Social Media, Datenschutz und Privatsphäre

Datenschützer in Europa können einen Erfolg gegenüber Facebook verbuchen: Nach langer Kritik deaktiviert das Netzwerk nun die umstrittene Gesichtserkennung. Bis zum 15. Oktober sollen alle dafür bisher erstellten Nutzerprofile gelöscht werden.

Die Privatsphäre der Nutzer in Social Media ist immer wieder ein Thema, das Gemüter hochkochen lässt. Zu viele wertvolle Daten und Informationen, die unbedacht geteilt werden, manch ein User weiß gar nicht was das Netz alles über ihn weiß. Die Infographik von siliconrepublic.com räumt ein wenig auf und erklärt die Risiken die beim Posten in Social Networks bestehen.

Endorsements: Zustimmung auf LinkedIn

Like, +1 oder favorisieren. Jetzt kommen Endorsements dazu. LinkedIn führt seine eigene Version der Zustimmung ein. Likes für Status Updates und Gruppenposts gibt’s bereits, das neue Feature soll dazu dienen, die Expertise von Fachkräften anzuerkennen und eine professionellere Richtung anstreben.
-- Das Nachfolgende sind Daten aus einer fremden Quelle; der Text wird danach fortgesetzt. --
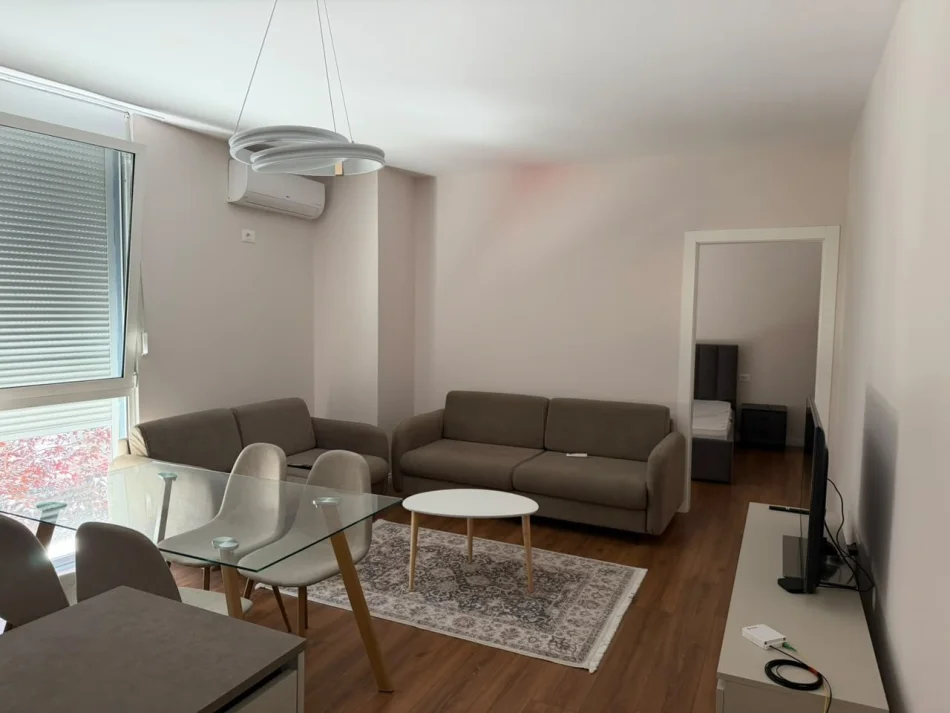 Tirane, jepet me qera apartament 2+1 Kati 2, 67 m² 750 € (Rruga Mahmut Fortuzi)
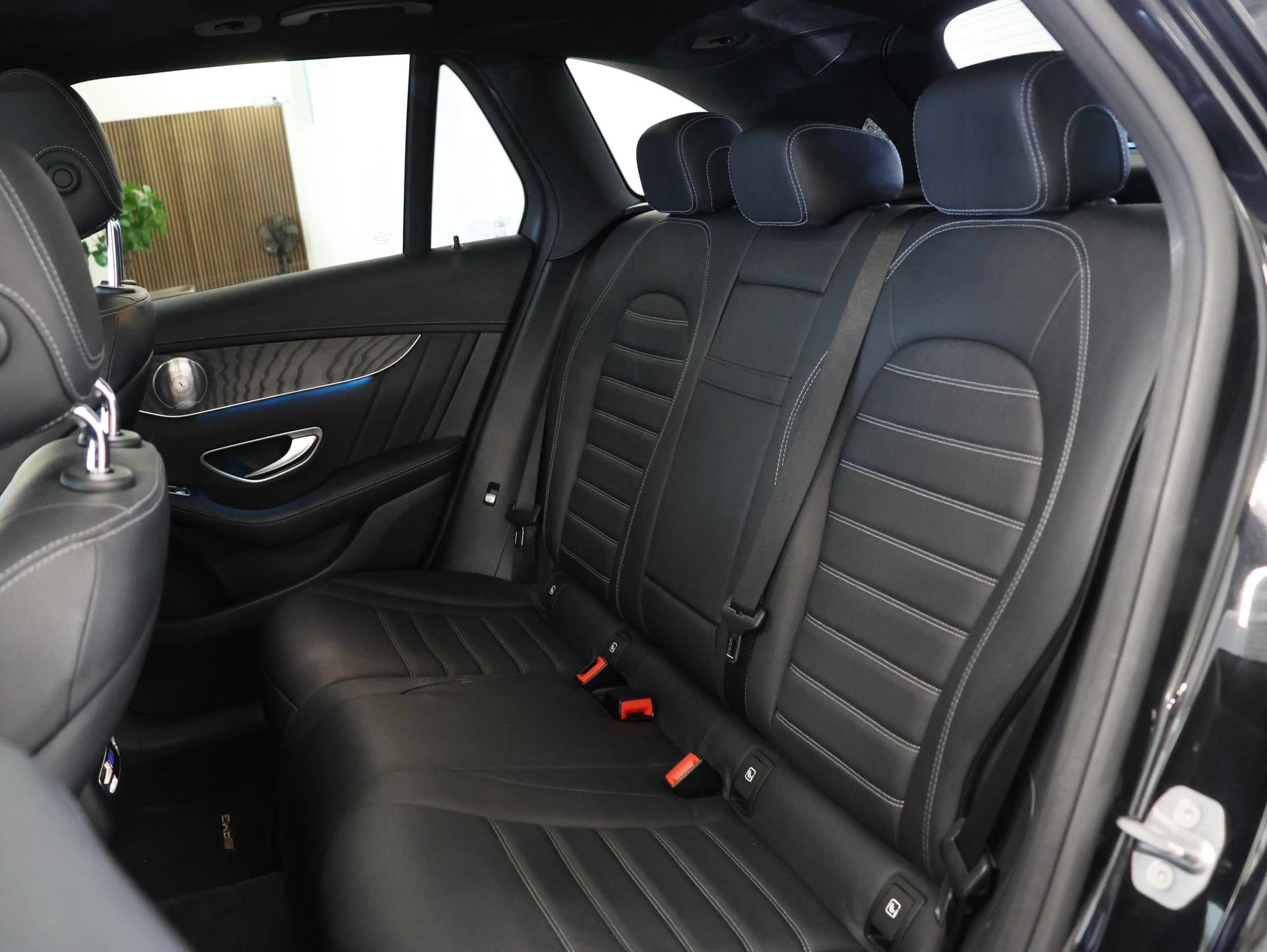 MERCEDES-BENZ GLC 43 AMG 4Matic 9G-Tronic *Panorama*Ambientebeleuchtung*Burmester*-image-28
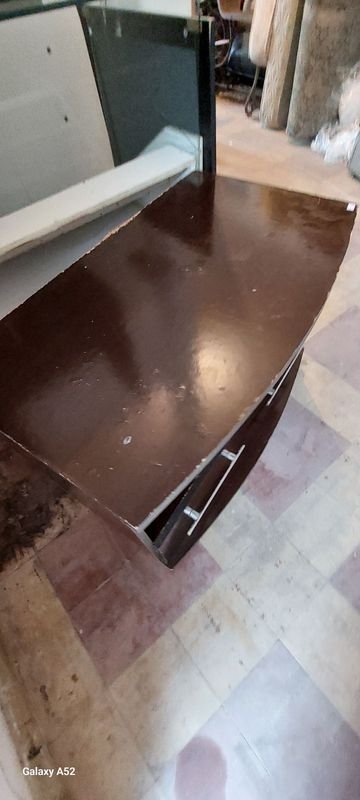 Item 848199 - Image 1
Endorsements startet zunächst auf Englisch in den Vereinigten Staaten, Indien, Neuseeland und Australien und soll dann auch auf andere Sprachen und Länder ausgeweitet werden. Es wird sich zeigen, für was sich der Xing-Konkurrent in Deutschland entscheiden wird. Endorsement dürfte ein zu sperriger Ausdruck sein unter dem sich die deutschen User wenig vorstellen können.

So funktioniert’s:

Vimeo führt Tip Jar und Pay-per-View Service ein

Vimeo ist eine prominente Alternative zu YouTube und bisher kostenfreie Plattform für gestalterische Talent und ambitionierte Filmemacher. Jetzt schaut sich das Videoportal offensichtlich nach Einnahmequellen um und erlaubt auch seinen Mitgliedern, etwas zu verdienen: Mit dem Spendenbutton Tip Jar können Besucher den Videomachern einen Beitrag überweisen. Künftig sollen auch kostenpflichtige Videos in das Angebot aufgenommen werden.